R-Super: Learning Segmentation from Radiology Reports

Subscribe us: https://groups.google.com/u/2/g/bodymaps

Abdominal CT datasets have dozens to a couple thousand tumor masks. In contrast, hospitals and new public datasets have tens/hundreds of thousands of tumor CTs with radiology reports. Thus, we ask: how can radiology reports improve tumor segmentation?

We present R-Super, a training strategy that transforms radiology reports (text) into direct (per-voxel) supervision for tumor segmentation AI. Before training, we use LLM to extract tumor information from radiology reports. Then, R-Super introduces new loss functions (Volume Loss & Ball Loss), which use this extracted information to teach the AI to segment tumors that are coherent with reports, in terms of tumor count, diameters, and locations. R-Super can train AI on large-scale CT-Report datasets (e.g., Merlin) plus small or large CT-Mask datasets (e.g., AbdomenAtlas, PanTS). In comparison to traditional training with masks only, using R-Super to train with masks and reports improved the performance of tumor segmentation AI by up to +16% in sensitivity, F1, AUC, DSC and NSD.

Note

We released Merlin Plus!
The Merlin Plus dataset has 44 segmentation masks for each of the 25K CT scans in Merlin. The masks include organs, blood vessels, ducts, and organ sub-segments. Merlin Plus is a large public dataset with CT, reports, and organ masks. You can use it in the demo below to train R-Super and improve tumor segmentation. Download it here!
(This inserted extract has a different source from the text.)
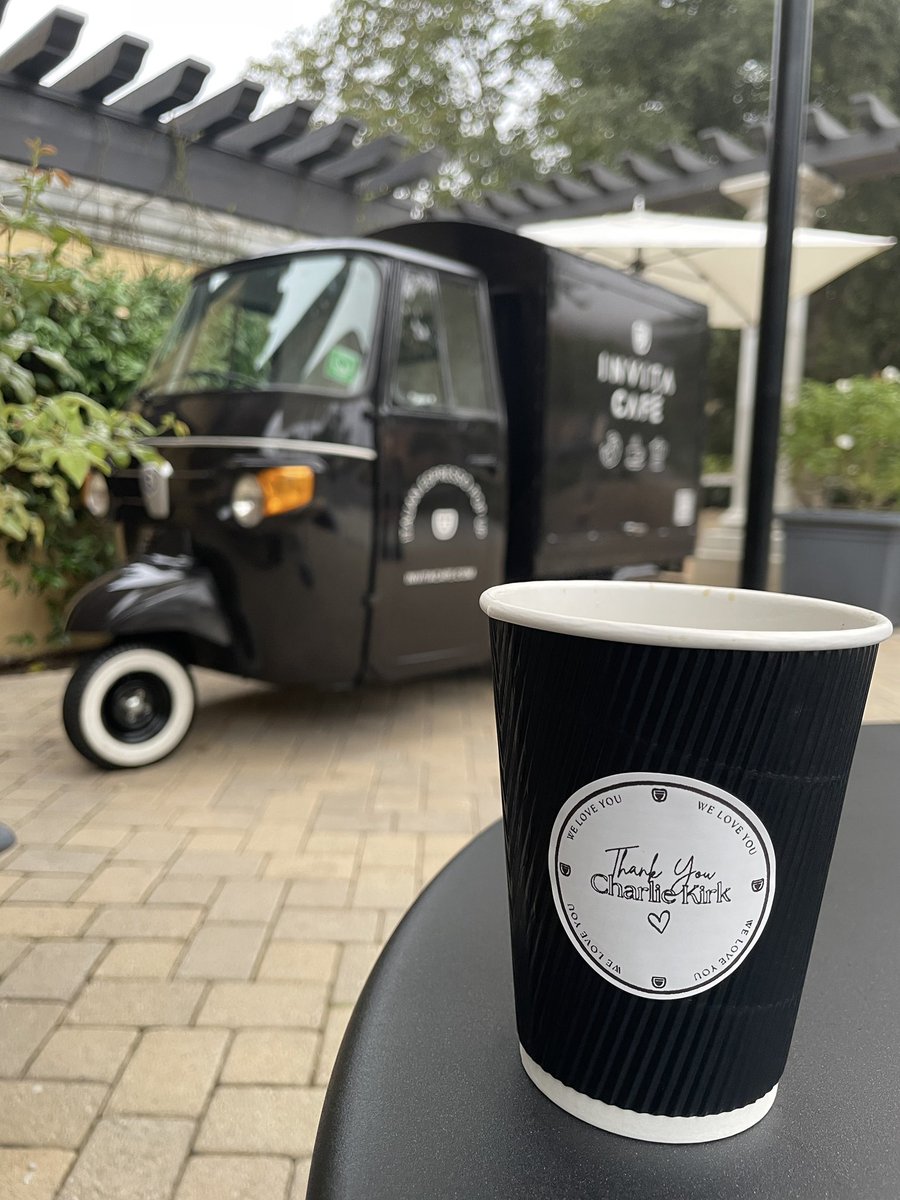 ChicagoMoon tweet media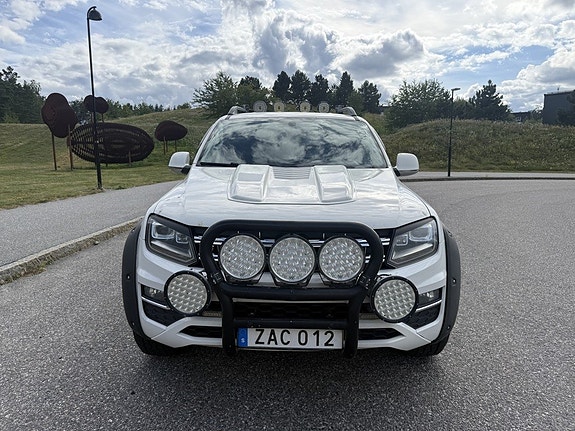 Volkswagen Amarok 6 of 9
Extension: Learning from 100,000 CT Scans and Reports, to Segment 7 Understudied Tumor Types
We have assembled more than 100,000 CT-Report pairs and trained R-Super to detect 7 tumor types missing from public CT-Mask datasets. Our preprint for this new work is available here.

Papers

Scaling Artificial Intelligence for Multi-Tumor Early Detection with More Reports, Fewer Masks
Pedro R. A. S. Bassi, Wenxuan Li, Jieneng Chen, Zheren Zhu, Tianyu Lin, Sergio Decherchi, Andrea Cavalli, Kang Wang, Yang Yang, Alan Yuille, Zongwei Zhou*
Johns Hopkins University

Learning Segmentation from Radiology Reports
Pedro R. A. S. Bassi, Wenxuan Li, Jieneng Chen, Zheren Zhu, Tianyu Lin, Sergio Decherchi, Andrea Cavalli, Kang Wang, Yang Yang, Alan Yuille, Zongwei Zhou*
Johns Hopkins University
MICCAI 2025, Best Paper Award (runner-up)

Awards

RSNA 2025 Certificate of Merit Award
${\color{red} {\textbf{MICCAI 2025 Best Paper Award (Runner-up, top 2 in 1,027 papers)}}}$

R-Super Demo with Public Data

This demo trains and evaluates R-Super (Report Supervision) with only public data, making it fully-reproducible. Click here: R-Super Merlin Demo

Datasets (check the demo for download instructions):

PanTS: 10K CT, 1.1K pancreatic lesion segmentation masks
Merlin: 25K CTs & reports, 2K pancreatic lesion CTs, no mask
Merlin Plus: 25K organ segmentation masks for Merlin, 44 classes

Easy to Reproduce R-Super usually needs 3 steps: LLM extracts tumor information from reports, creation of organ segmentation masks, and training R-Super. Our demo skips steps 1 and 2. You can download the LLM output, organ segmentation masks (Merlin Plus), and just train R-Super. You can also download the trained R-Super checkpoint and test.

Public Trained Checkpoints

For inference instructions, check the evaluation section here (detailed) or in our demo (simplified).

Model	Training Data	Tasks	Evaluation	Access
R-Super (Paper)	16K CTs, AbdomenAtlas 2.0 (public) & UCSF (private)	Pancreas & kidney tumor segmentation	Table 2, MICCAI paper (R-Super)	🤗 Download
R-Super (Demo)	14K CTs, PanTS (public) & Merlin (public)	Pancreas tumor segmentation	Demo	🤗 Download
Baseline (Paper, no report supervision)	9K CTs, AbdomenAtlas 2.0 (beta)	Pancreas & kidney tumor segmentation	Table 2, MICCAI paper (Segmentation)	🤗 Download
Baseline (Demo, no report supervision)	10K CTs, PanTS	Pancreas tumor segmentation	Demo	🤗 Download

The checkpoint 'R-Super (Paper)' is the public segmentation checkpoint trained with the largest number of lesion CT scans (5K) that we know of: 2.2K pancreatic lesion CT-Report pairs, 344 pancreatic lesion CT-Mask pairs, 2.7K kidney lesion CT-Report pairs, 1.7K kidney lesion CT-Mask pairs, 9K controls w/o kidney or pancreas tumors.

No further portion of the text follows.